D2050. Pair of Polychrome Small Figures of Cows
Delft, circa 1760
Each with a blue-spotted hide, a blue muzzle, eyes, ears, tail and hooves, a manganese udder, yellow horns and an iron-red lapping tongue, wearing a garland of blue, yellow, iron-red and manganese flowers and green leaves around its back, and modeled affronté, standing foursquare above a green sinuous snake, leaf sprigs and grasses on the green top of an iron-red-edged and lightly marbleized yellow rounded rectangular base.
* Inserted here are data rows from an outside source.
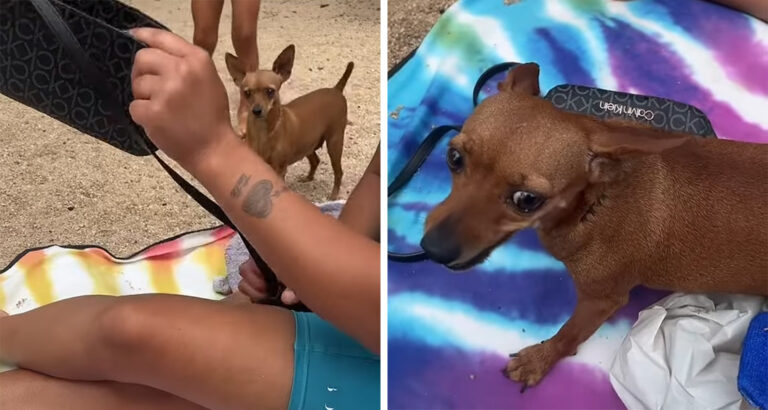 Chihuahua Guards Handbag – Woman Gets a Surprise When She Reaches for It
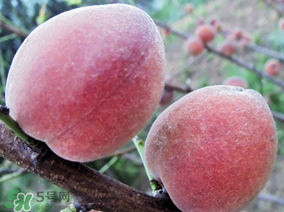 吃毛桃會(huì)過敏嗎？吃毛桃過敏怎么辦？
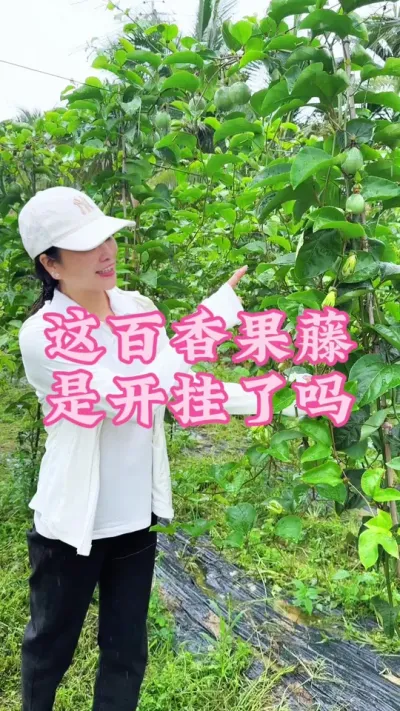 ����������������������һ��֦��һ����������԰�Ĺҹ�����#�����ػ��� #��ũ #�ҵ��������� #�����#��ũ @����С���� @DOU+С����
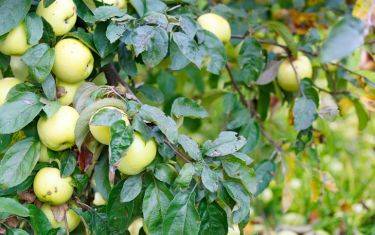 Моченые яблоки в банках — рецепты приготовления в домашних условиях
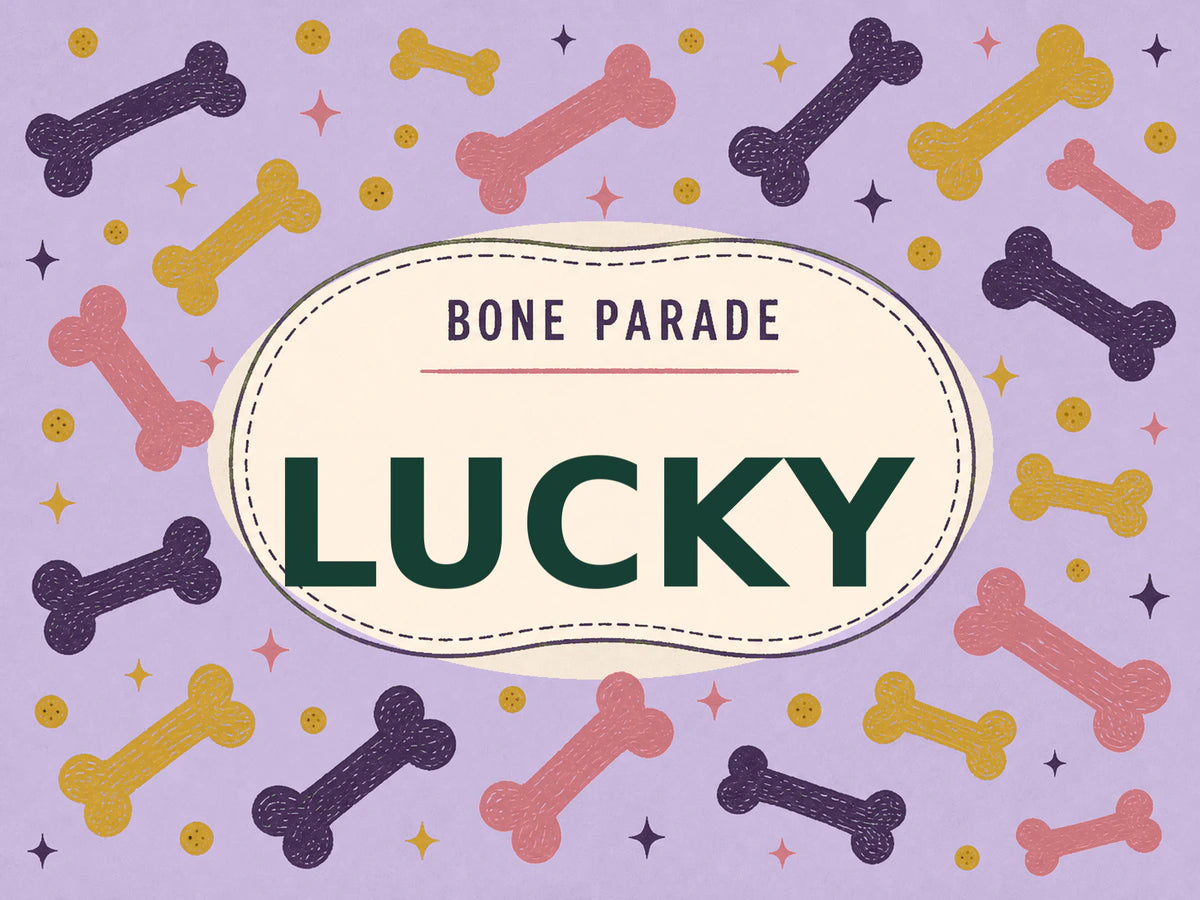 Personalised Dog Blanket – Bone Parade - Soft Lilac - Finished artwork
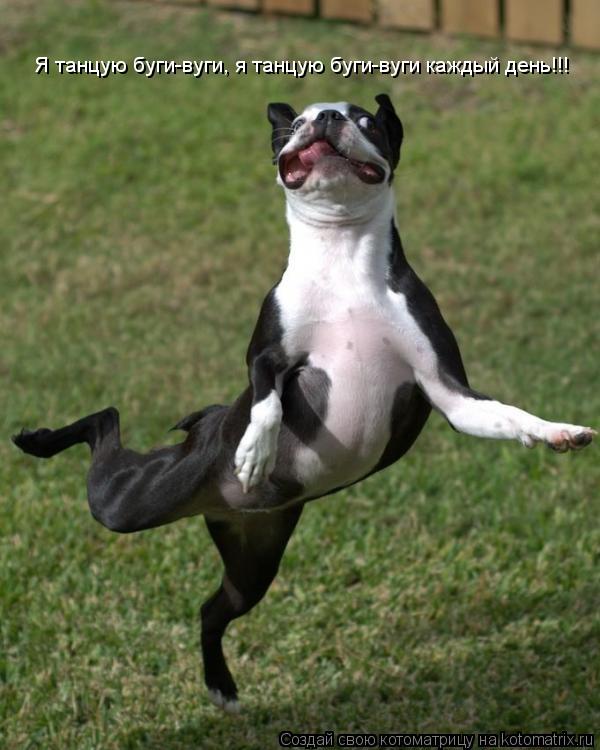 Котоматрица: Я танцую буги-вуги, я танцую буги-вуги каждый день!!!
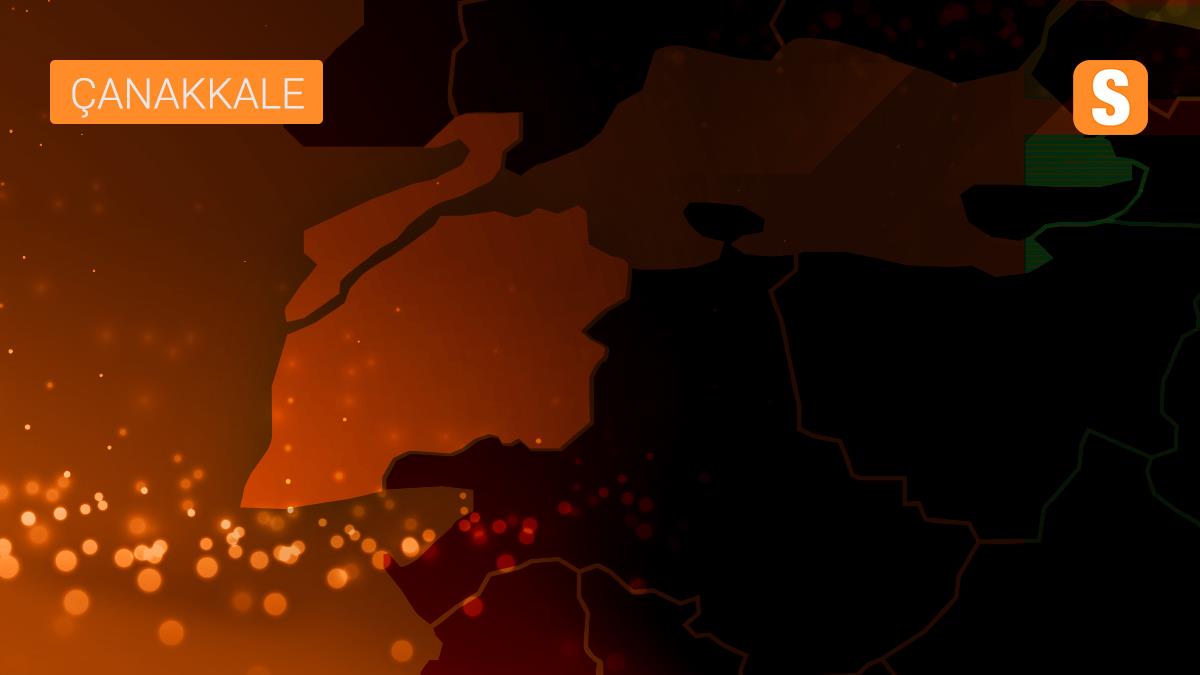 Çanakkale'de durdurulan minibüste 17 sığınmacı tespit edildi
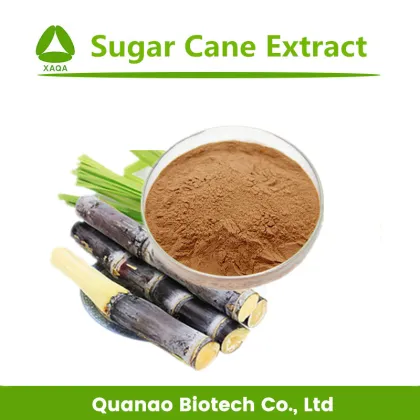 Sugar Cane Extract 10:1 Sugar Cane Juice Powder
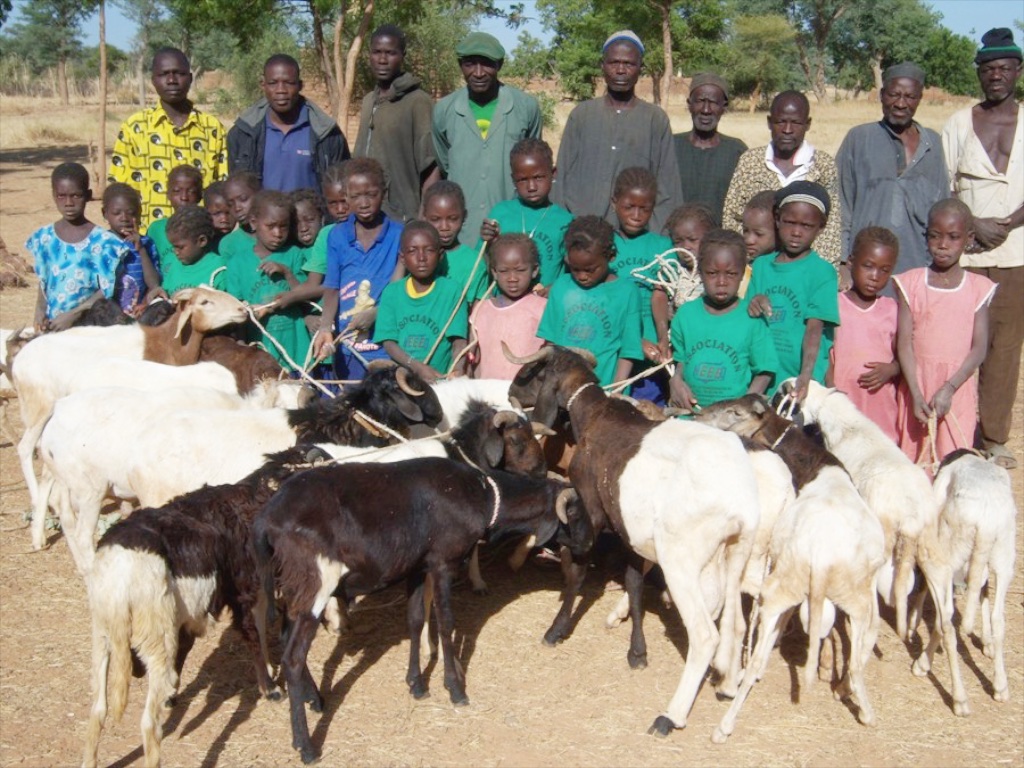 Lambs for Girls' Education in the village of Kolkom.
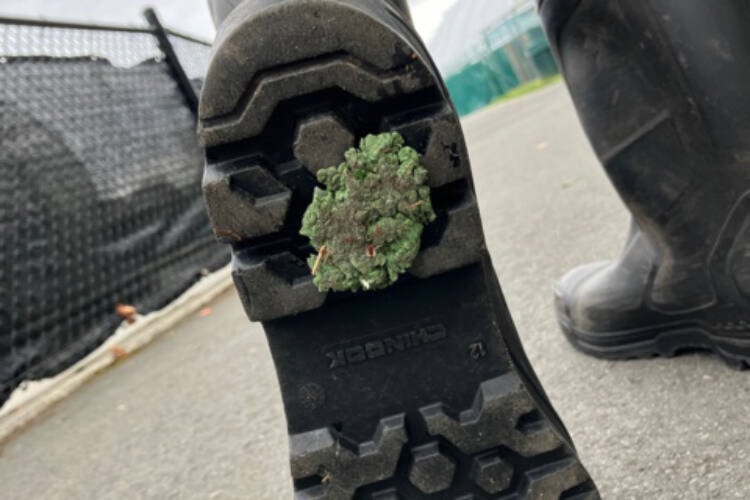 Particles of the artificial field at Oak Bay High are literally walking off the field and likely finding their way into the local watershed, says a group tackling restoration of the nearby Bowker Creek. (Courtesy Friends of Bowker Creek) 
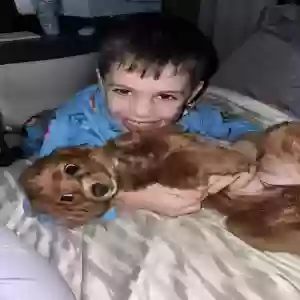 lost female dog marvel
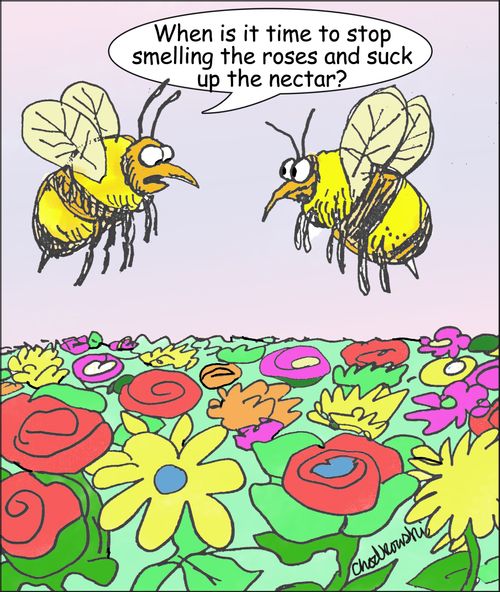 "When is it time to stop smelling the roses and suck up the nectar?"
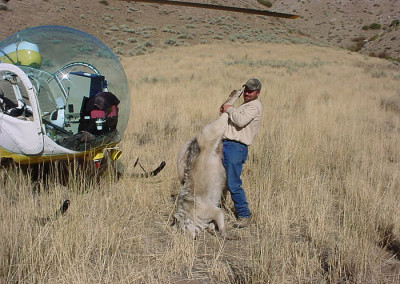 Lawsuit Challenges Government’s  Large-scale Wildlife Killing in Idaho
Heights: 9.5 cm. (3.7 in.)
Length: 9 cm. (3.5 in.)
Dutch Private Collection;
Aronson Antiquairs, Amsterdam, 2012
Delftware cows are typically decorated with flower wreaths and garlands around their necks and backs. This decorative scheme derives from the seventeenth-century ‘guild oxen,’ when the Butcher’s Guild would hold an annual parade celebrating the best-bred bull or cow from their guild on the day of its patron saint (St. Luke, whose attribute is the apocalyptic beast, the winged ox). The beast would be decorated with floral wreaths and ribbons, its horns often gilded and sometimes topped with ranges. The festive procession of the animal was joined by musicians and great merriment. The meat of that animal was intended for the subsequent guild dinner, and a portion of it was donated to the church and the poor. The expression the guild-ox is on parade” became synonymous with “this is a feast.”
In the 1627 Sinne- en minnebeelden by the Dutch poet Jacob Cats (1577-1660), a print depicting a Butcher’s Guild parade is illustrated with an accompanying metaphorical poem relating the ox, well-fed and beautifully decorated, but about to be slaughtered, to the evanescence of prosperity. A nearly contemporary bull with a flower garland around his neck is illustrated in the painting ‘Portrait of a White Bull’ attributed to Paulus Potter (1625-54), circa 1647.